Inter RAO Group Publishes IFRS Interim Consolidated Financial Statements for Q1 2020

22 May 2020

Indicator, billion rubles*

Q1 2020

Q1 2019

+/-

Revenue

266.9

281.4

-5.2%

Operating expenditures

237.8

246.5

-3.5%

Operating income

32.6

38.4

-15.1%

Net income

34.6

31.2

11.1%

EBITDA

41.4

47.6

-13.1%

Capital expenditures

3.0

7.9

-61.4%


Indicator, billion rubles*

As of March 31, 2020

As of December 31, 2019

+/-

Total assets

790.7

751.0

5.3%

Total equity

590.6

552.8

6.9%

Loans and borrowings

3.2

3.3

-4.3%

Lease liabilities

59.0

57.5

2.5%

Net debt1

-223.4

-196.5

13.7%

Unit greenhouse gas emissions in Q1 2020 decreased by 5%, while gross emissions decreased in proportion to output by 19%, compared to the similar period in 2019. The decline is mainly related to a type of operated equipment, and divestment of Ekubastuzskaya SDPP-2 of Inter RAO Group in December 2019.

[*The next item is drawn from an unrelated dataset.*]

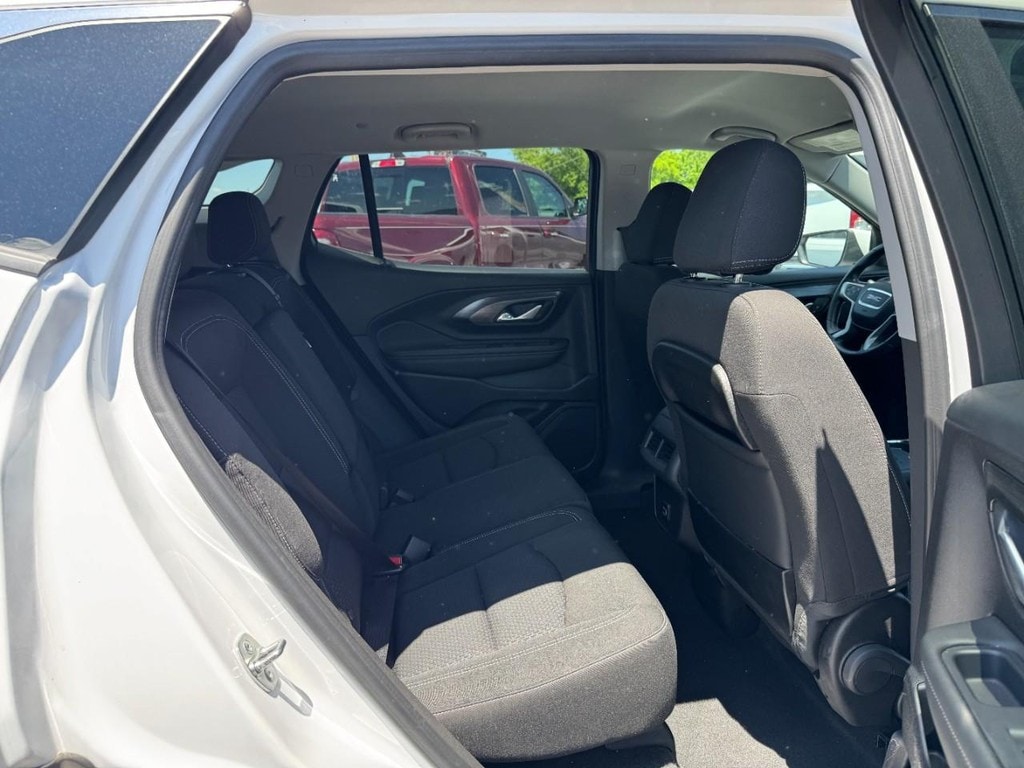 2024 GMC Terrain SLE - Photo 12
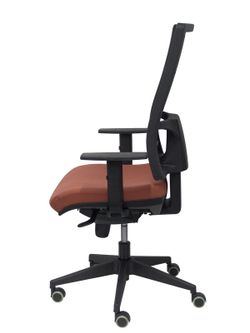Modelo Horna - Silla de oficina ergonómica con mecanismo sincro y regulable en altura - Respaldo alto de malla transpirable y asiento tapizado en tejido BALI color marrón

* — Financial indicators are provided based on these IFRS financial statements in billion rubles rounded to one decimal. Percentage ratios are calculated based on the data from the IFRS financial statements expressed in million rubles.

1 Including deposits for a period from 3 to 12 months and lease liabilities (including the share of lease liabilities in joint ventures).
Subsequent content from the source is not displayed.